**Given information**
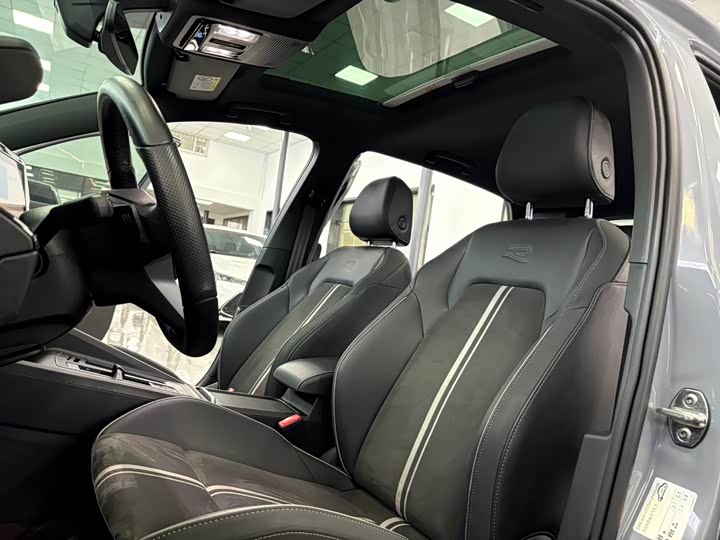 Фото 7 - Volkswagen Golf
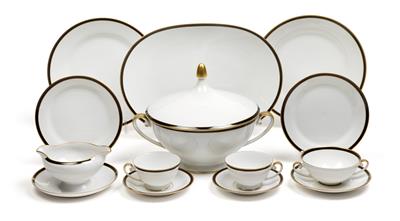A dinner and coffee service, - Glass and porcelain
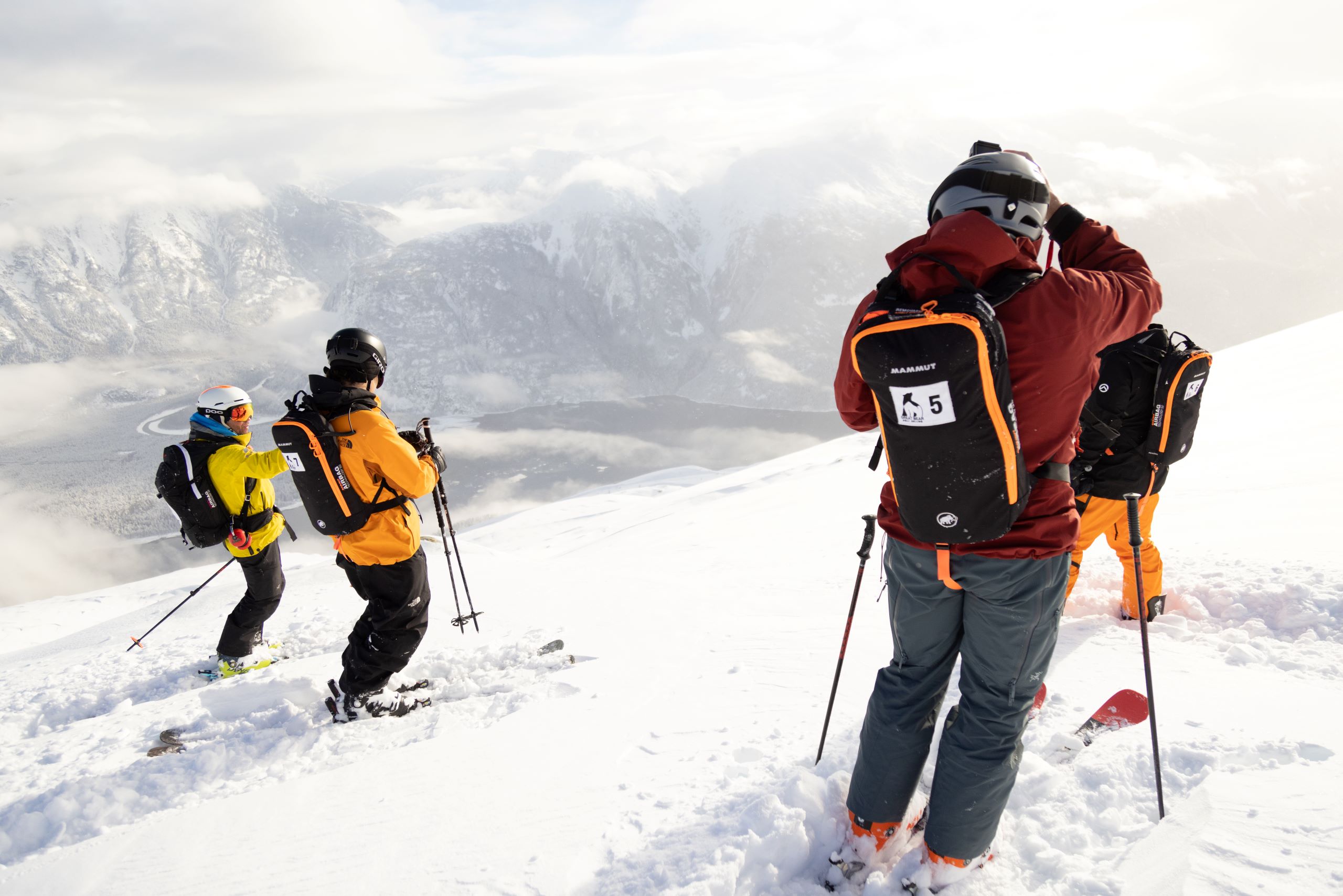 great-bear-heli-skiing-1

**What is being asked**
Copy the data in full. No pictures belong in the copy.

**Written answer**
 Фото 7 - Volkswagen Golf
A dinner and coffee service, - Glass and porcelain
 great-bear-heli-skiing-1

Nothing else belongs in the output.